Aux sources des Raisins de la colère de John Steinbeck
Lors de son engagement dans un camp destiné aux réfugiés du Dust Bowl, Babb rassembla dans ses notes de terrain les témoignages de plusieurs centaines d’entre eux. Ces documents précieux jouèrent un rôle déterminant dans la naissance des Raisins de la colère de John Steinbeck. En mai 1938, Tom Collins, le directeur du camp organisa en effet un déjeuner avec Sanora Babb, qui accepta de remettre au romancier une copie de ses notes. Steinbeck se mit à l’écriture de son chef-d’œuvre à la fin du mois de mai, qu’il termina en octobre.

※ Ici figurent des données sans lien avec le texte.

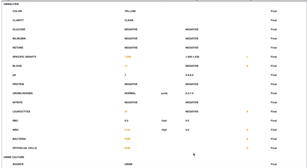When you order your urinalysis on your patient, this is typically what you will see. You will get the color, the clarity, glucose — it'll tell you if there's glucose present — bilirubin, and ketones. When you see ketones or glucose, you might want to think of diabetes. Ketones are likely if your patient is diabetic and going into diabetic ketoacidosis, or during any acute illness with nausea and vomiting.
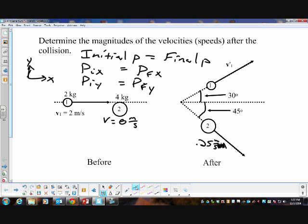This particular problem is simplified because we know one of the velocities after the collision, which greatly simplifies things. If we didn't know that, it would complicate the problem — I'll do another problem like that later on.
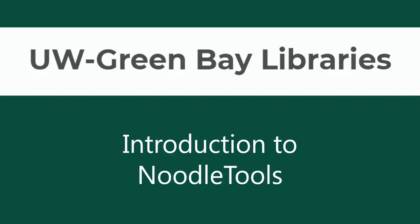Hello! This video from the UWGB Libraries will show you how to get started using NoodleTools. NoodleTools is a program that will help you format your citations properly, which can save you a lot of time.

De son côté, Babb manquait de temps pour achever son livre tant sa mission auprès des réfugiés l’accaparait. Elle fit parvenir ses premiers chapitres à Bennett Cerf, directeur de la prestigieuse maison d’édition Random House, au printemps 1939 et l’intégralité du manuscrit en juillet. Or une semaine plus tard, il la reçut dans son bureau pour lui apprendre que son contrat était annulé en raison du succès phénoménal des Raisins de la colère – 200 000 exemplaires vendus en juin 1939, soit moins de deux mois après sa sortie en librairie – et de la trop grande proximité thématique des deux romans. Jamais Steinbeck ne mentionna le nom de Babb quand il lui arriva d’évoquer la genèse des Raisins de la colère. S’il loua l’aide précieuse de Tom Collins, il passa entièrement sous silence le rôle des notes de terrain remises par la jeune femme avec qui il avait partagé un repas en mai 1938. Eux dont les noms sont inconnus ne parut qu’en 2004.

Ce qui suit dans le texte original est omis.